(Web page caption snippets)
────────────────────────────────────────

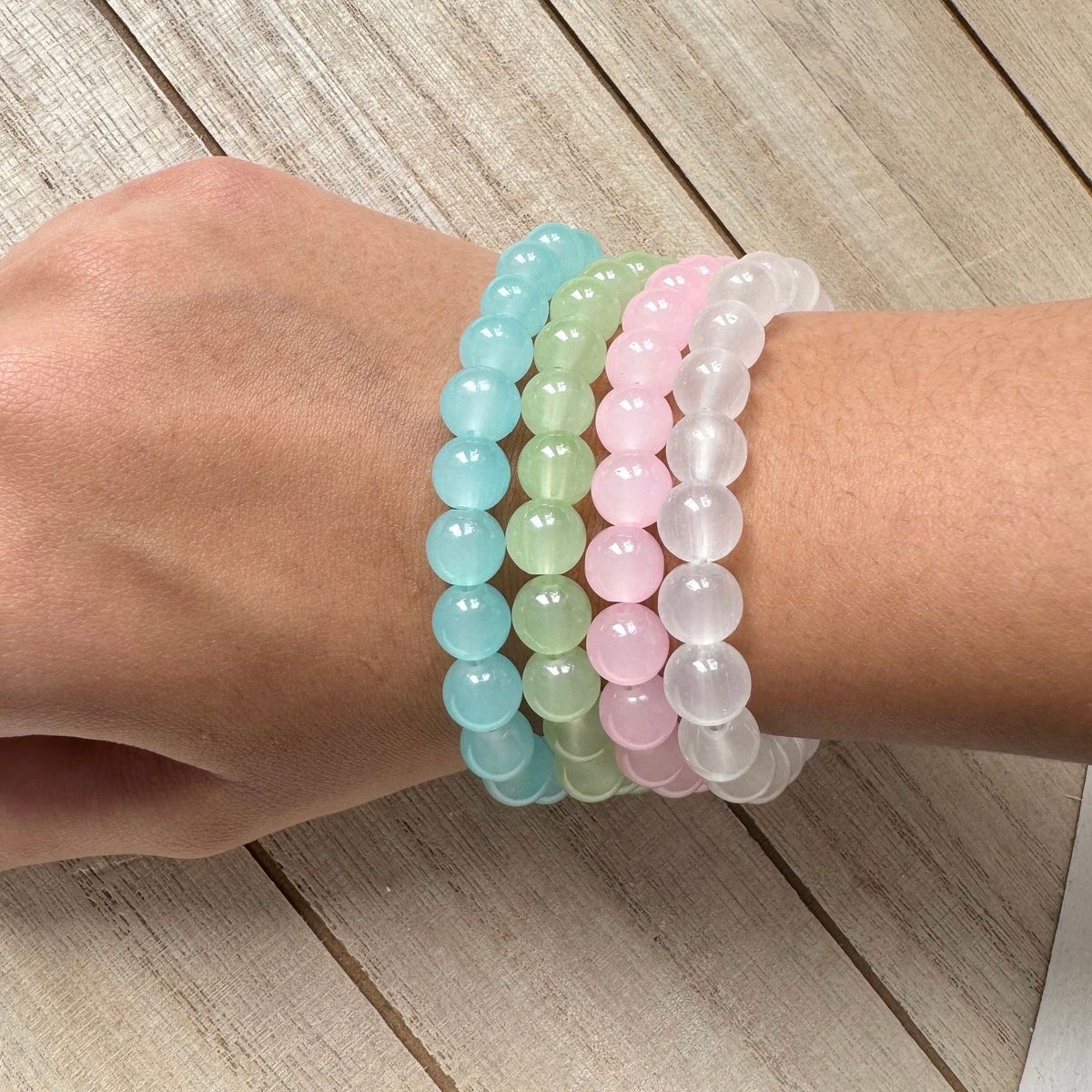 Pastel Bead Bracelets Set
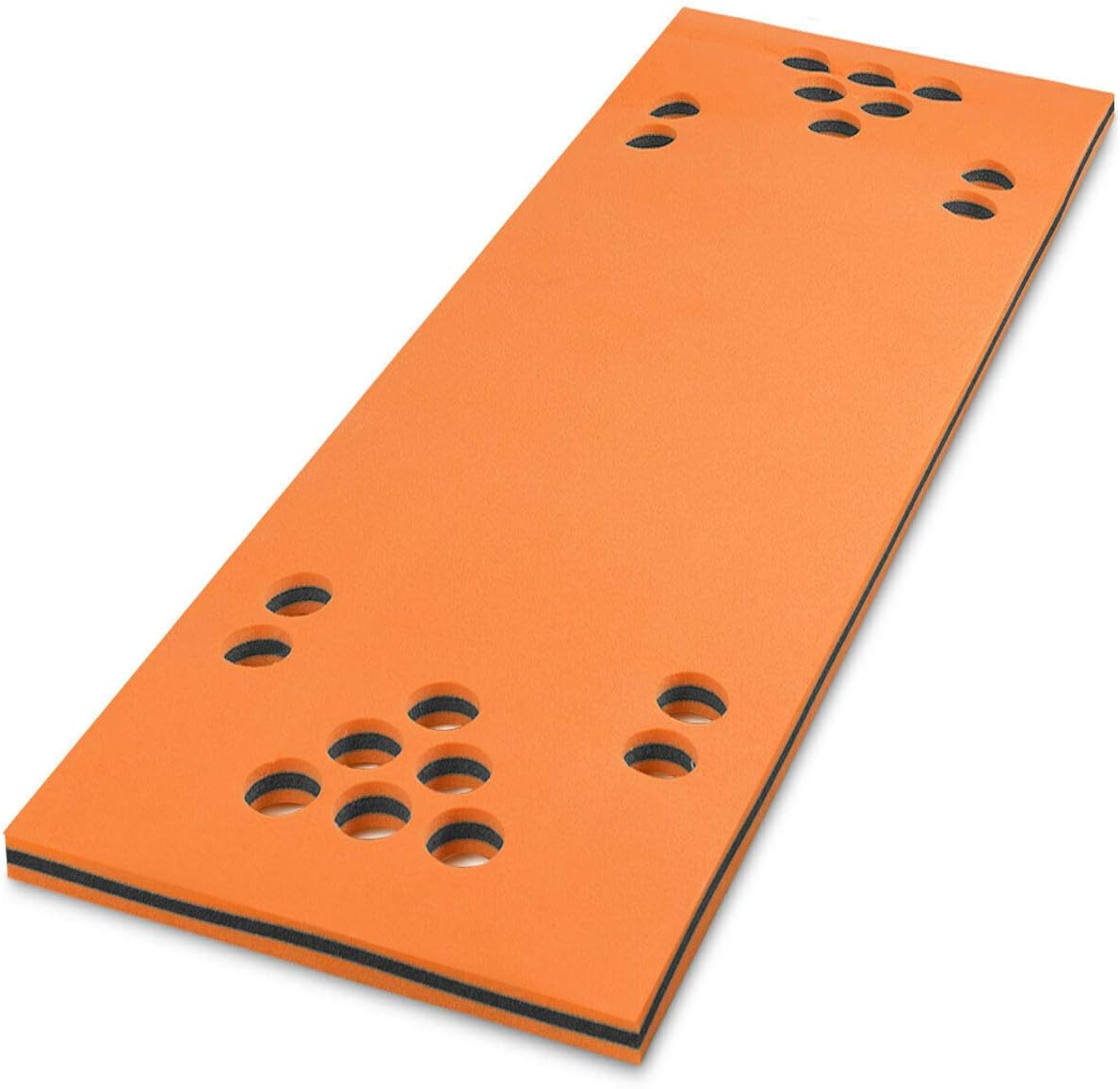 Floating Water Pong Table with Cup Holes, Featuring a 3-Layer Tear-Resistant Foam Pad for Lake and Pool Games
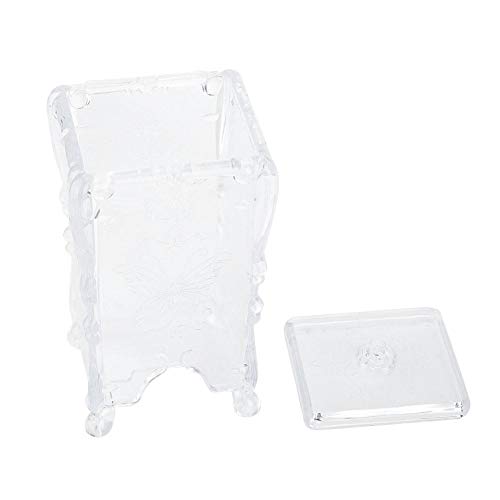 Preisvergleich Produktbild Dekaim Cosmetic Organizer Make-up Baumwolle Nagelentferner Pad Tupferhalter Beauty Aufbewahrungsbox(klar)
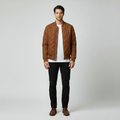 Men's Diamond-Quilted Bomber Jacket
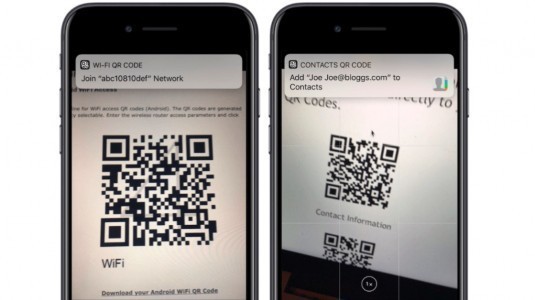 iOS 11 tarafından desteklenecek 9 önemli QR kodu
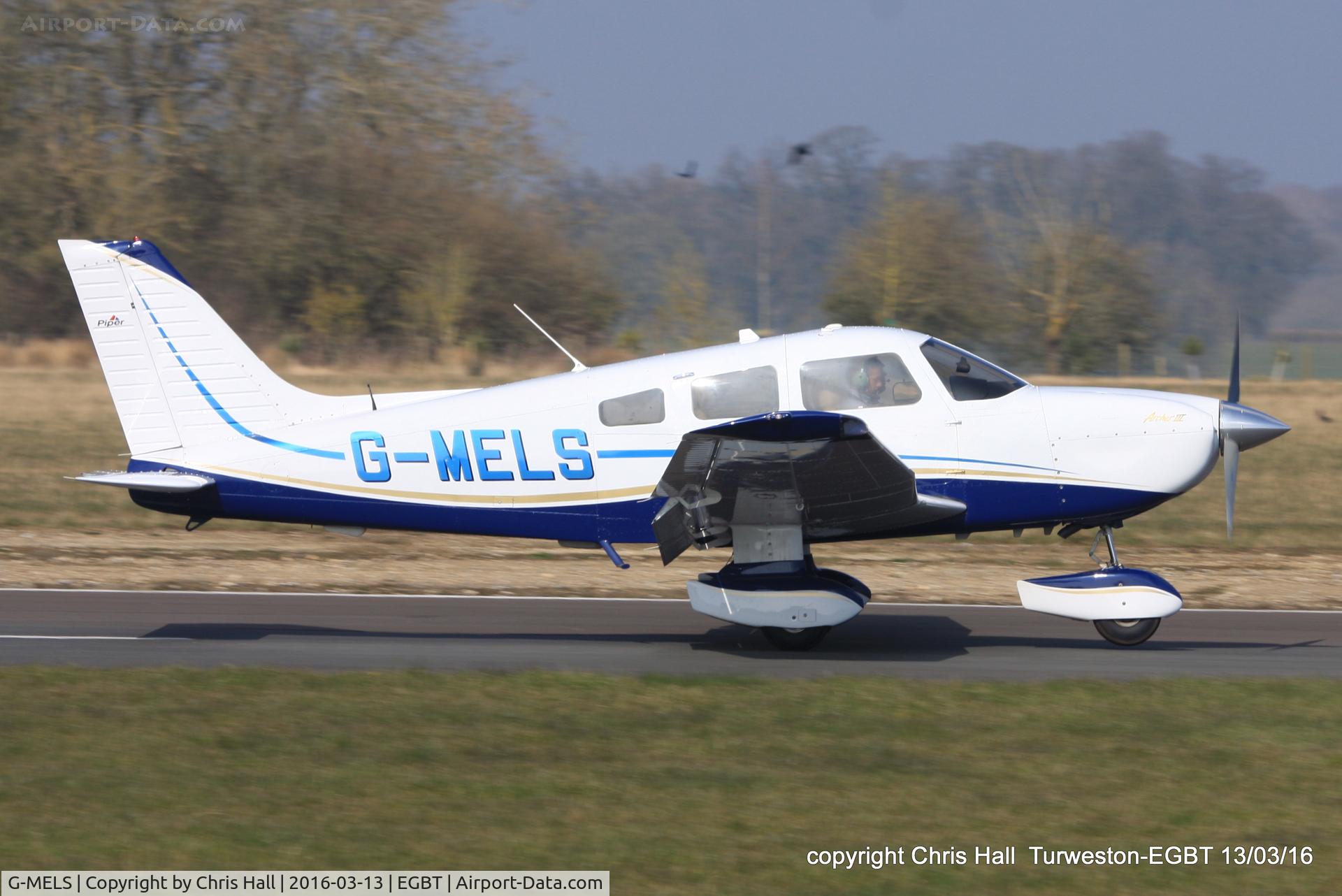 G-MELS, 2006 Piper PA-28-181 Cherokee Archer III C/N 2843633, at the Vintage Aircraft Club spring rally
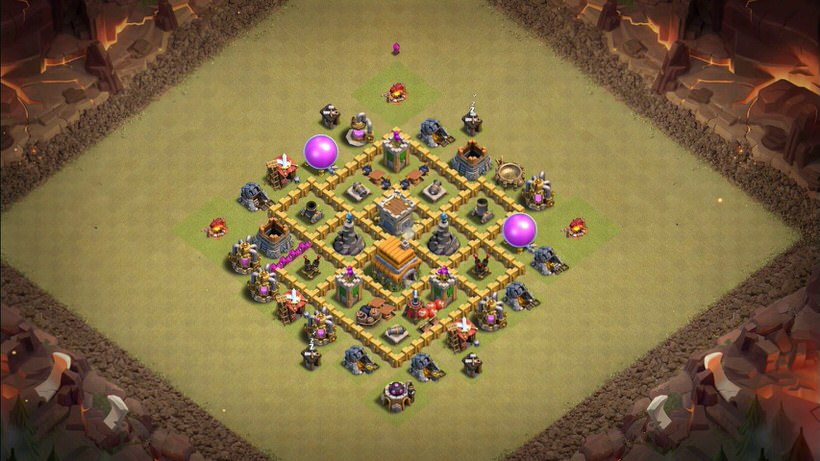 Town Hall 6 War Base layout by TReX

────────────────────────────────────────

▶ **Exercise goal**: Only the lines from the start of the records through the line containing "iOS 11 tarafından" should be repeated, word for word, with the pictures left out.

▶ **Solution for this problem**:
 Pastel Bead Bracelets Set
 Floating Water Pong Table with Cup Holes, Featuring a 3-Layer Tear-Resistant Foam Pad for Lake and Pool Games
 Preisvergleich Produktbild Dekaim Cosmetic Organizer Make-up Baumwolle Nagelentferner Pad Tupferhalter Beauty Aufbewahrungsbox(klar)
 Men's Diamond-Quilted Bomber Jacket
 iOS 11 tarafından desteklenecek 9 önemli QR kodu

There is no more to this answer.